The little Subaru hurled itself up Bumble Hill in the streaming rain. 90, 100, 110km/hr in third gear, the wipers doing their best to clear the water from the screen. There is a dangerous fascination in the way a 4WD handles difficult conditions. You can get mesmerised by the traction, the stability, the speed; the turbo spins faster and faster, the car goes faster and faster but it is the way it tracks dead straight no matter what the conditions that makes you feel omnipotent, until you reach the point where the brain reluctantly concedes that the car is more in control than the driver.
Reality seeps back in if you start to think of Farmer Bob who could pull out of a hidden gate in the Fergie tractor; and you slow down. Bumble Hill is near Wyong on the NSW Central Coast. Until the Fifties it was a hill climb venue; Jack Brabham competed there, as did many of the great names oft he day. As the Subie and I approached 120km/hr it occurred to me that in rain like this even Jack Brabham would not have been going a lot faster in his Cooper Bristol on Fifties tyres. I am no Jack Brabham, so I slowed down. And it was then, through the sloshing wipers and the pissing rain, I saw the ghost.
It was only a fleeting glimpse. It was not the ghost of Jack Brabham, or of a long-dead race driver lost in history who went over the side of the narrow track. It was the ghost of me, 40 years before on this very hill, also in the driving rain, double declutching the 203 back to first gear on the steep lower slopes of Bumble Hill.
That 203, my first car, had seen a lot of double declutching in its life. Or perhaps it hadn't; the first job I did on it - at 17 I was too stupid to know better - was to put new bearings in the gearbox, and it became obvious that first gear was literally half-gone, chewed off by former owners crashing that stubby little alloy gearlever into first without coming to a stop. Or by clumsy double declutching attempts, like mine on Bumble Hill.

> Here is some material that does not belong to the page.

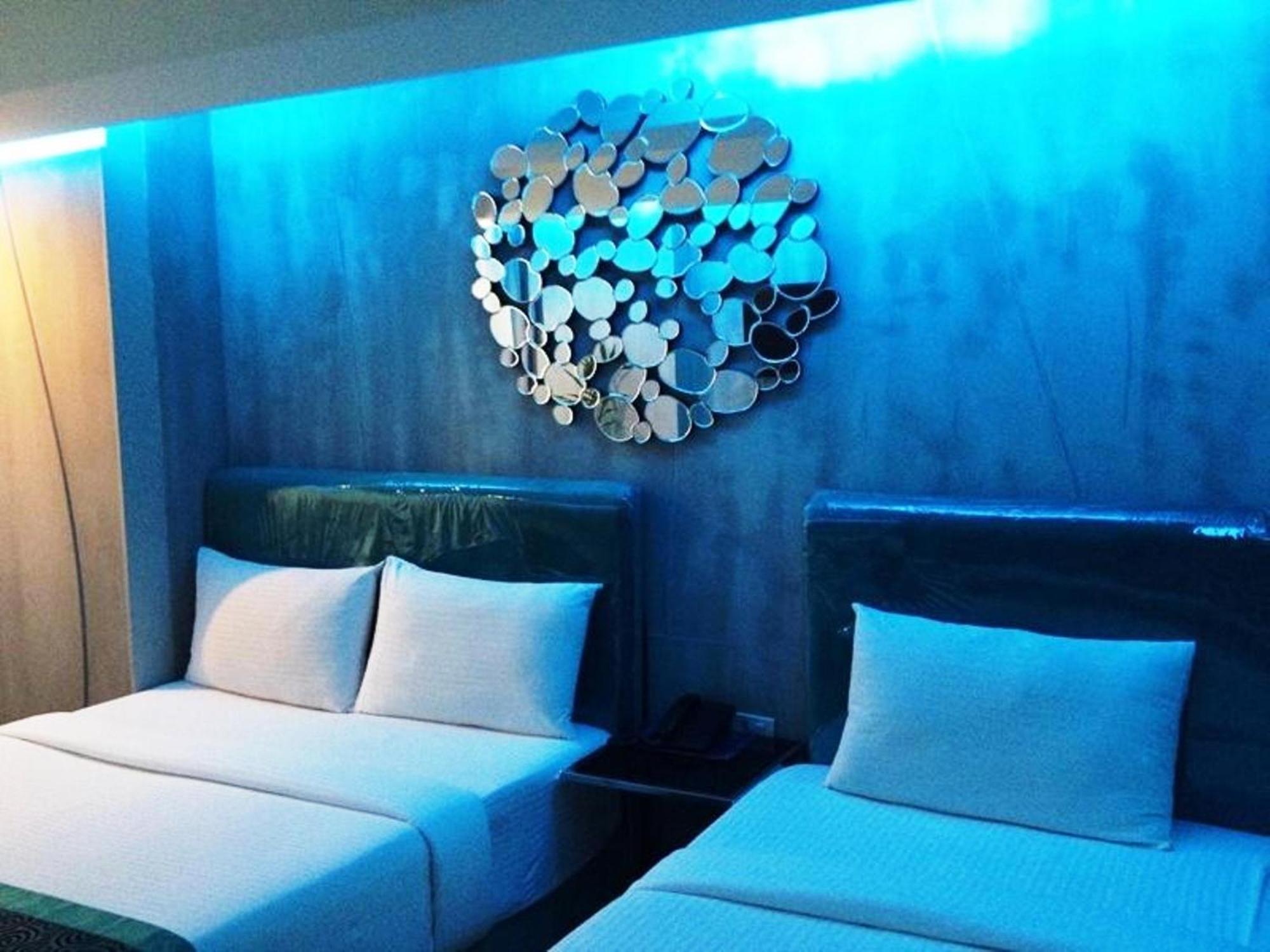 Blutique Hotel Банкок Екстериор снимка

That first car caused a lot of trouble at home. From my usual seat in the bus on the way to work I had spotted it in the car yard. Even to me it looked a wreck, but I have always been a fatalist when it comes to shopping - I look at good ones, I look at bad ones, but when one turns up with my name on it then it doesn't matter whether it is good or bad - the deal will be done. So I took it home, gearbox bearings shrieking in protest. My mum took one look through the front window and phoned the car yard. She threatened them with something so terrible they agreed to take the car back. I wish I had heard the conversation; I could have used that skill many times in later life. But the 203 was mine and, at 17, parental defiance took a hand. Anyway, I liked the look of the cat; it had romance in its lines, which Morris Minors didn't; and it wasn't an FJ Holden, which is what my father wanted me to get.
That 203 was foreign in more ways than one, and its added value was its ability to irritate parents. And the soggy insulation carpets, under the rubber mats in the rear, gave it a musty smell all its own. But Uncle Jack was on my side; he had bought a new 203 in 1948, and a new 403 in 1958, and loved his funny French cars. The 203 carted me everywhere for a year - on bushwalking expeditions, weekend camping trips, it got bogged, got stuck in creek crossings, slithered backwards down muddy hills with the brakes locked as the driver tried to steer it straight and praying it wouldn't go over the cliff on each side.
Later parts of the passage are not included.